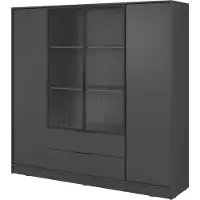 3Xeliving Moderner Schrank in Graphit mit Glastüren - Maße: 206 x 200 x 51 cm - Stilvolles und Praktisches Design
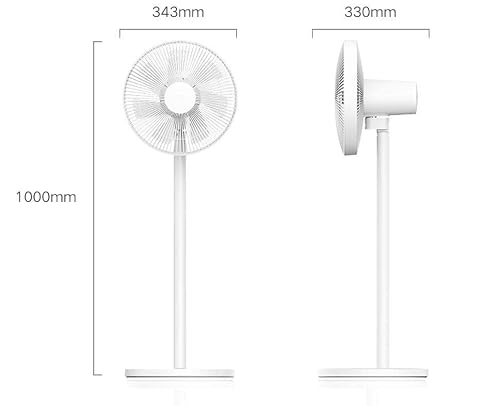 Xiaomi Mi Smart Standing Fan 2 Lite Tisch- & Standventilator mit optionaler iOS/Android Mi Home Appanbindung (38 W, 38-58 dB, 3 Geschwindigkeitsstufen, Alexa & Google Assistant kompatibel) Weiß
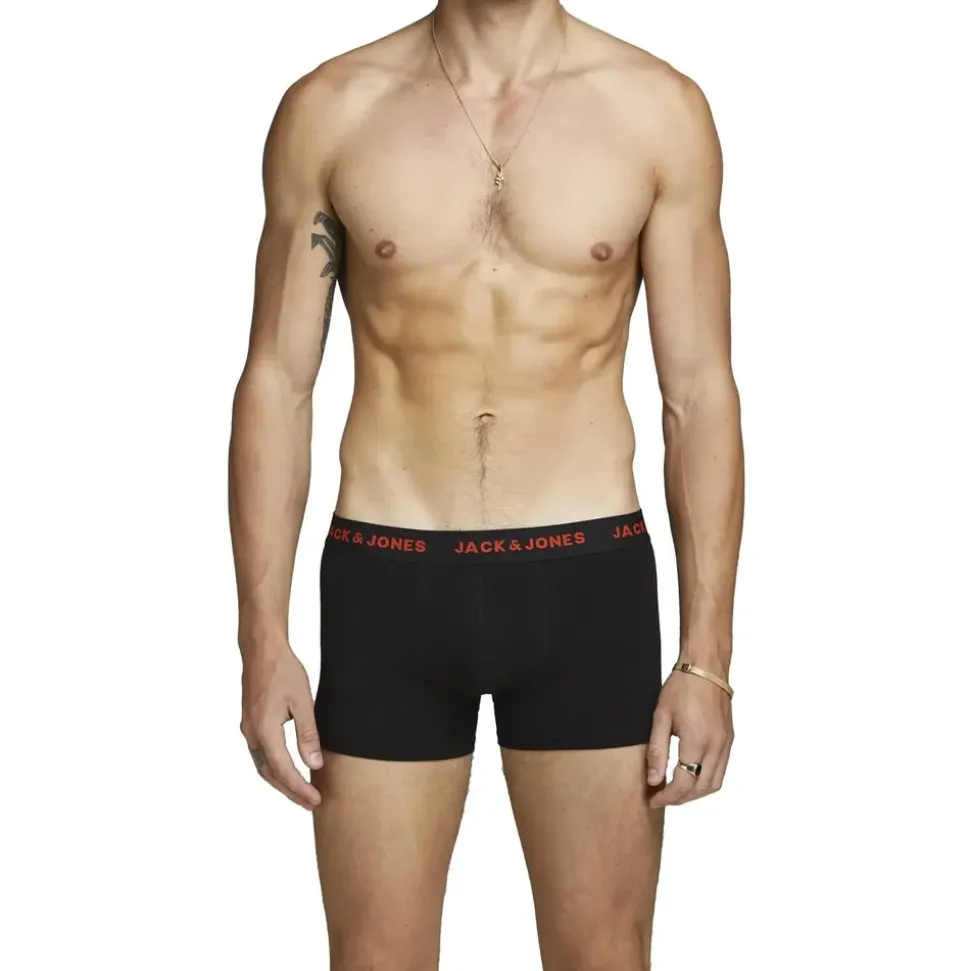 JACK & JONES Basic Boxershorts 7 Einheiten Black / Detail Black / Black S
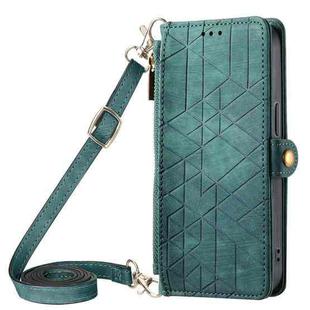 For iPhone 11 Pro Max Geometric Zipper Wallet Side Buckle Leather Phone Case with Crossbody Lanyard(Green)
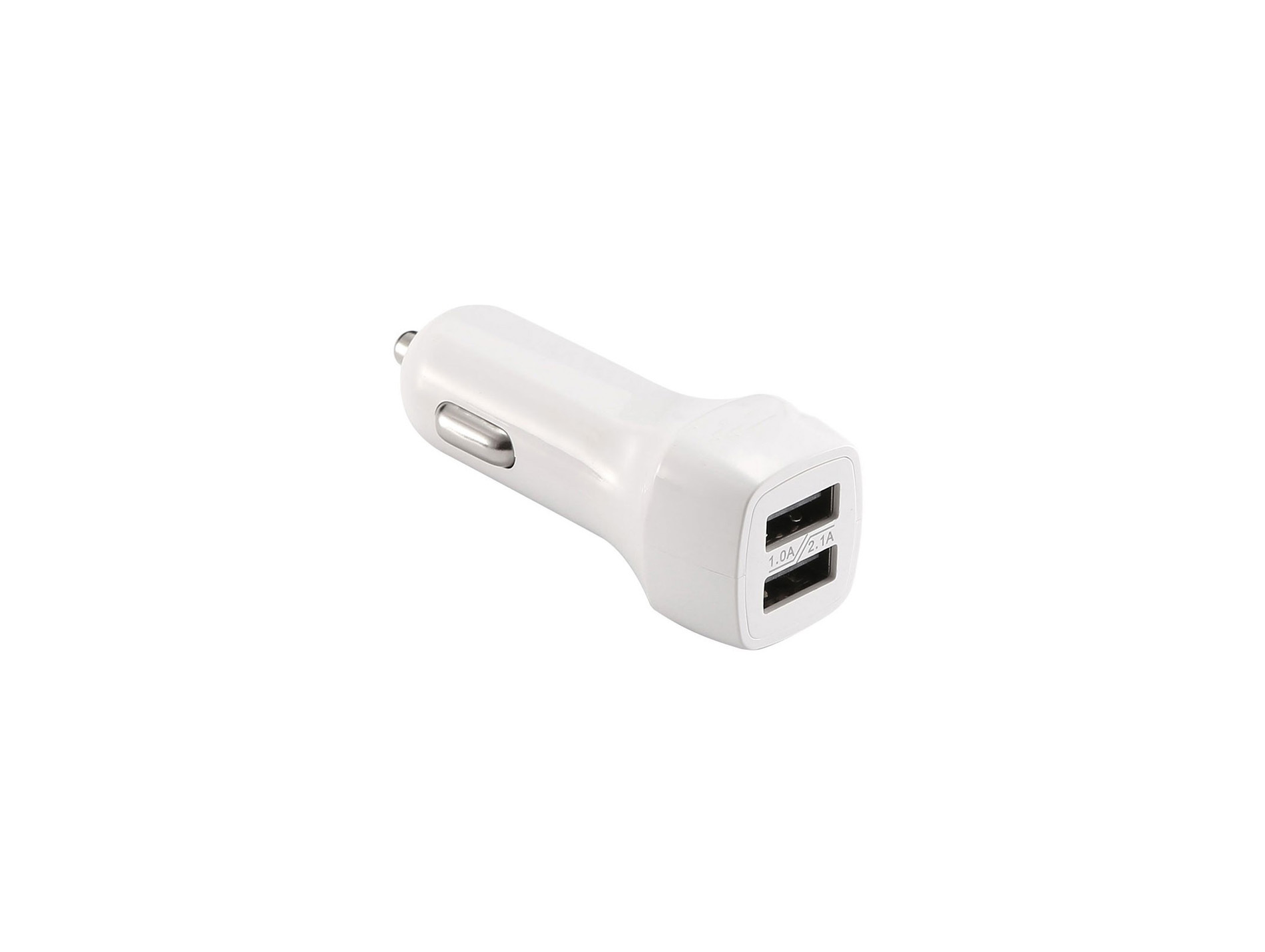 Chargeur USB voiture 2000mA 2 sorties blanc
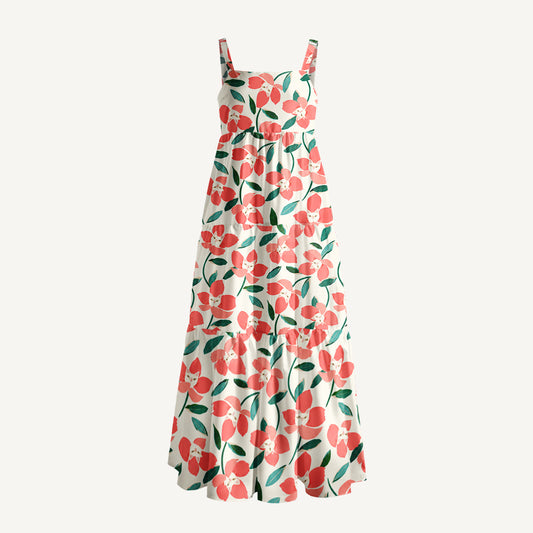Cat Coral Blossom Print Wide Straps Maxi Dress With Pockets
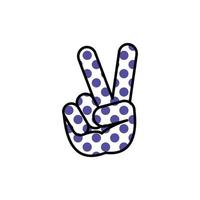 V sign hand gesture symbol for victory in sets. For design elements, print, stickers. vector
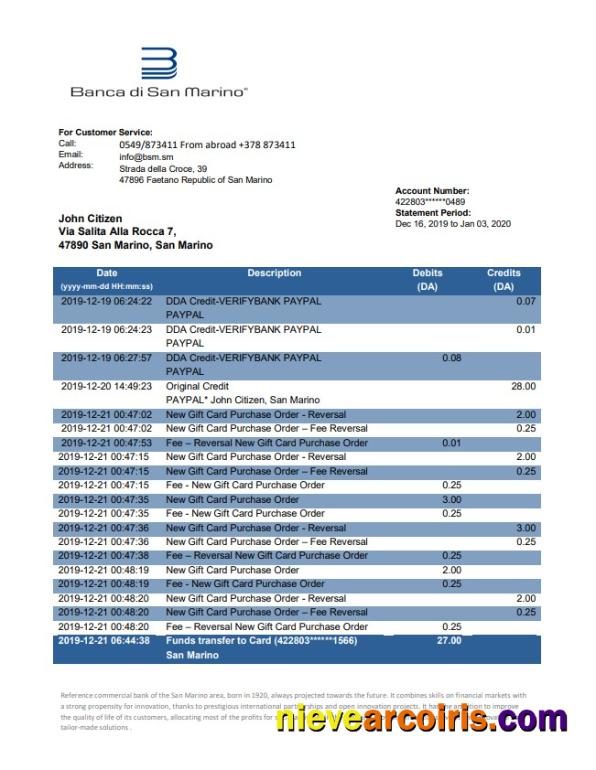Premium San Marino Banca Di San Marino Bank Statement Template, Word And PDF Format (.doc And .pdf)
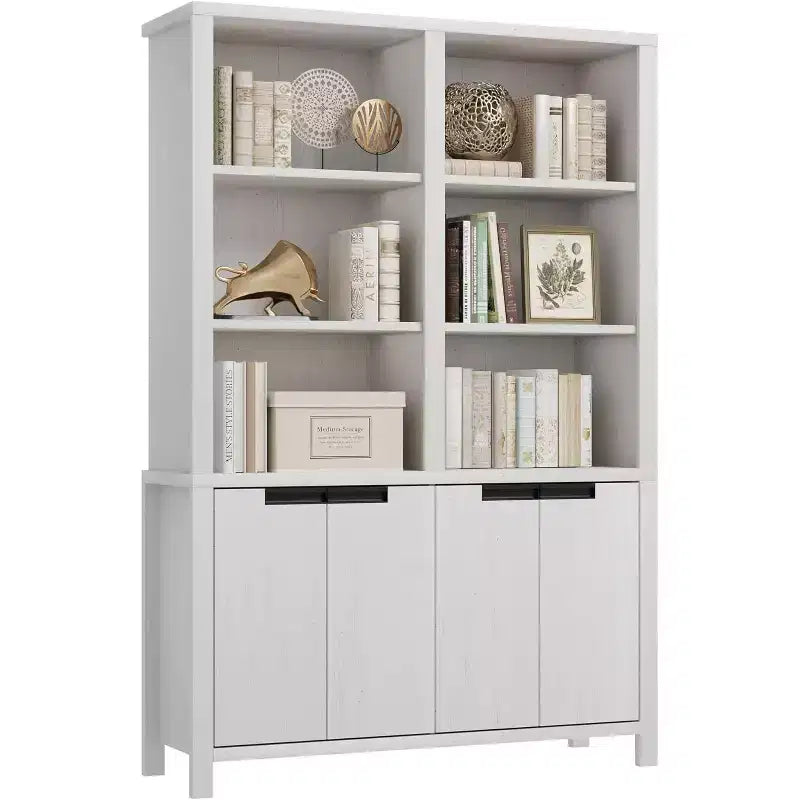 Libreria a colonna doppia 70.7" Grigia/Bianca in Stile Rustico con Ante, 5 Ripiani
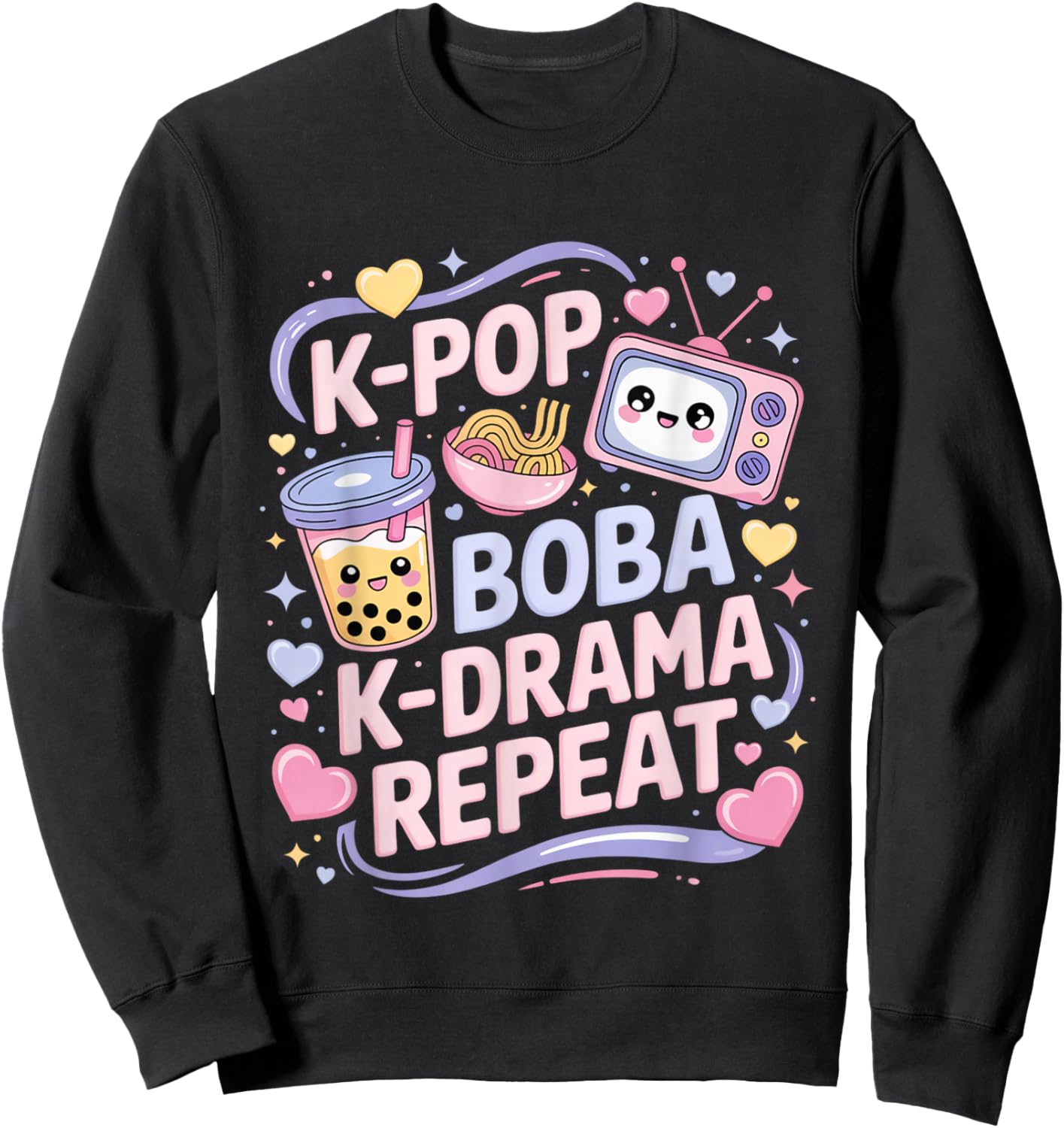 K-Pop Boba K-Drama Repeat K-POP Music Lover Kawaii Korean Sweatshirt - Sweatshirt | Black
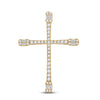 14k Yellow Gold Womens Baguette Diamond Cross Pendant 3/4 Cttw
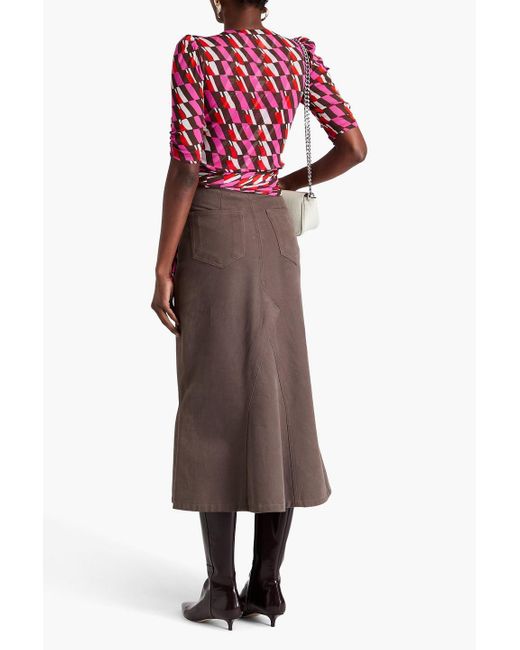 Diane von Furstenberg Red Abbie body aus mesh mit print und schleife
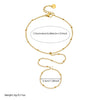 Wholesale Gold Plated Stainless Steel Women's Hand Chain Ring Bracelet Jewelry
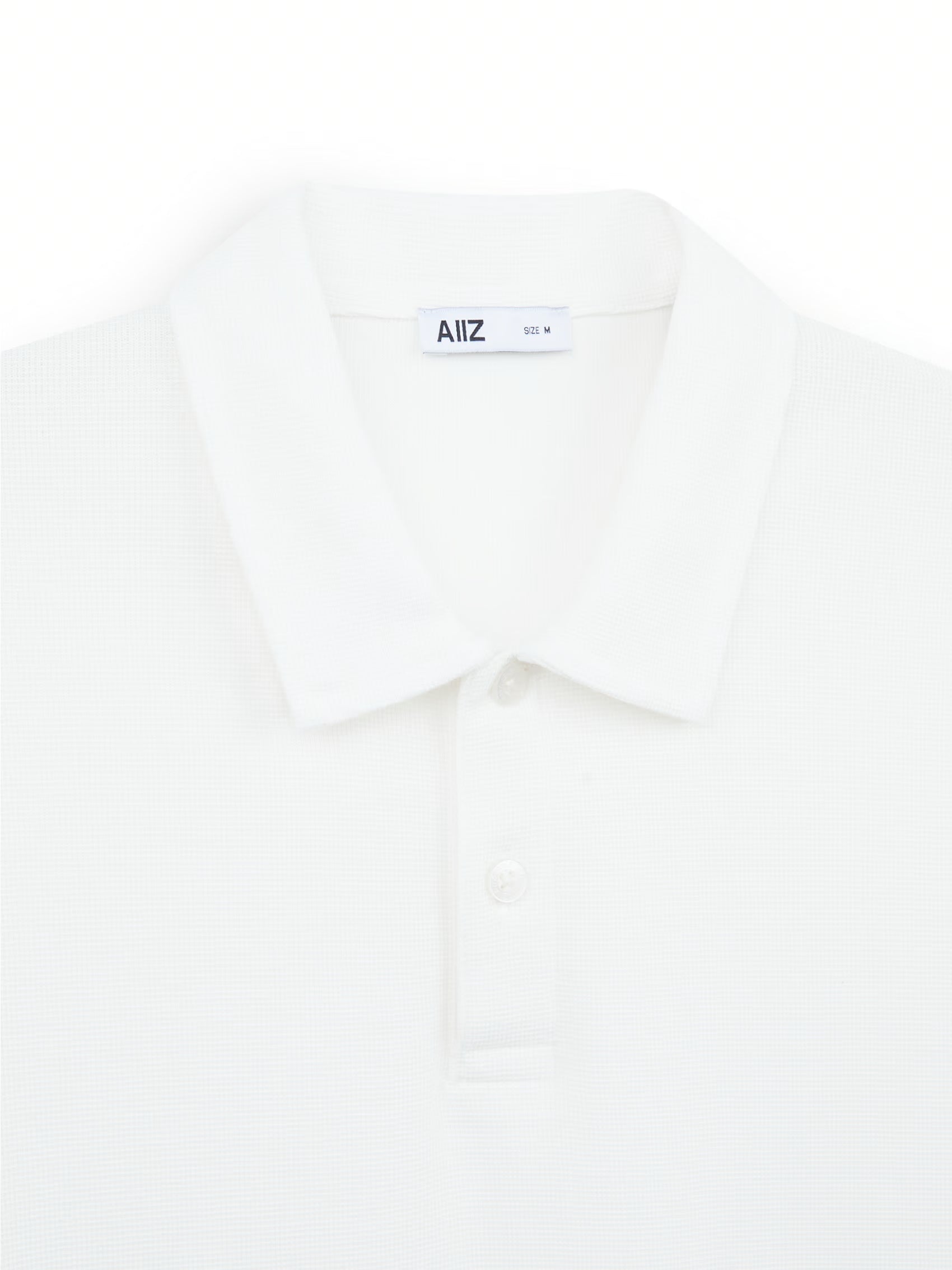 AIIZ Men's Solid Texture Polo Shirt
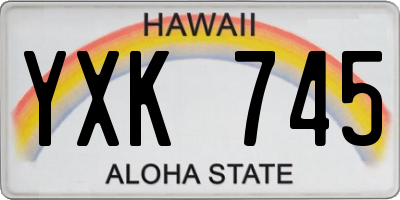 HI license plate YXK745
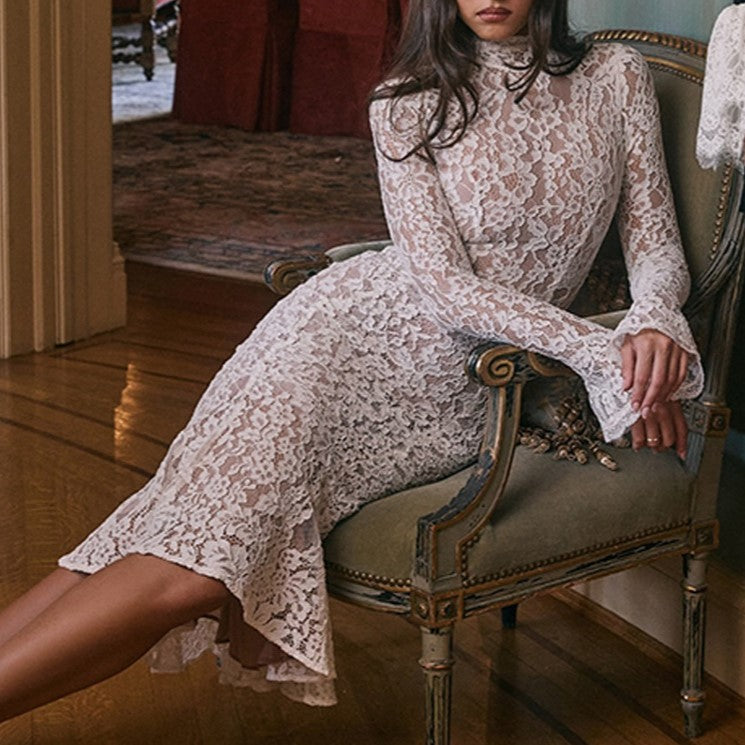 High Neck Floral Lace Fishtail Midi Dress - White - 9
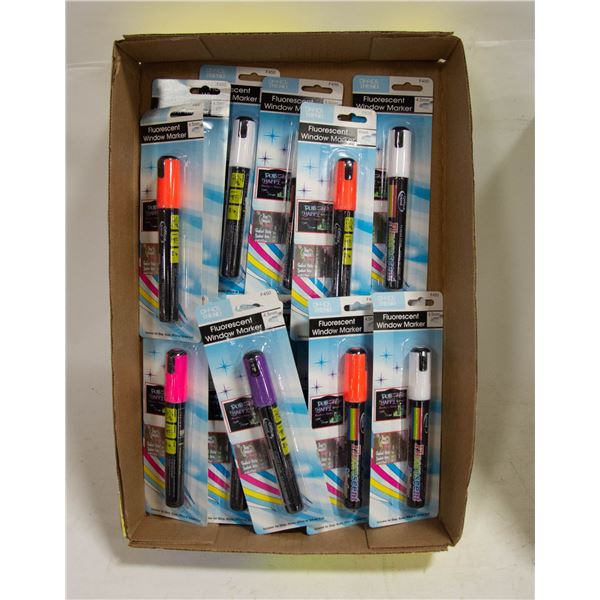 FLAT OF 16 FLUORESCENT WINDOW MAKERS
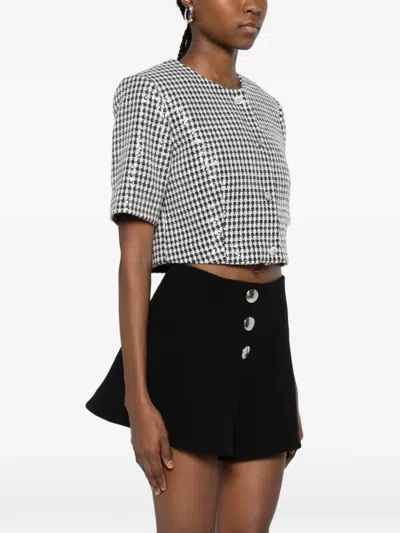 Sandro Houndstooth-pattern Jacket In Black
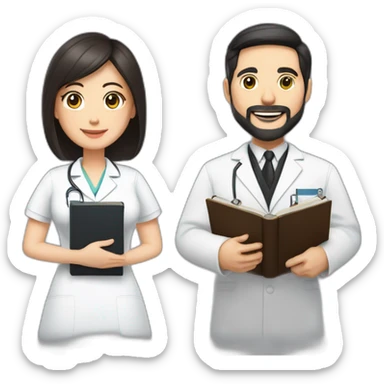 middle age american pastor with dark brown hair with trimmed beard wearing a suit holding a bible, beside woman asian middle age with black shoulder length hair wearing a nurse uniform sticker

What you have to do>
The line containing "Cat Coral Blossom" marks where the copy ends; print every line before it from the start of the records, and that line too, but no pictures.

Exercise response>
 3Xeliving Moderner Schrank in Graphit mit Glastüren - Maße: 206 x 200 x 51 cm - Stilvolles und Praktisches Design
 Xiaomi Mi Smart Standing Fan 2 Lite Tisch- & Standventilator mit optionaler iOS/Android Mi Home Appanbindung (38 W, 38-58 dB, 3 Geschwindigkeitsstufen, Alexa & Google Assistant kompatibel) Weiß
 JACK & JONES Basic Boxershorts 7 Einheiten Black / Detail Black / Black S
 For iPhone 11 Pro Max Geometric Zipper Wallet Side Buckle Leather Phone Case with Crossbody Lanyard(Green)
 Chargeur USB voiture 2000mA 2 sorties blanc
Cat Coral Blossom Print Wide Straps Maxi Dress With Pockets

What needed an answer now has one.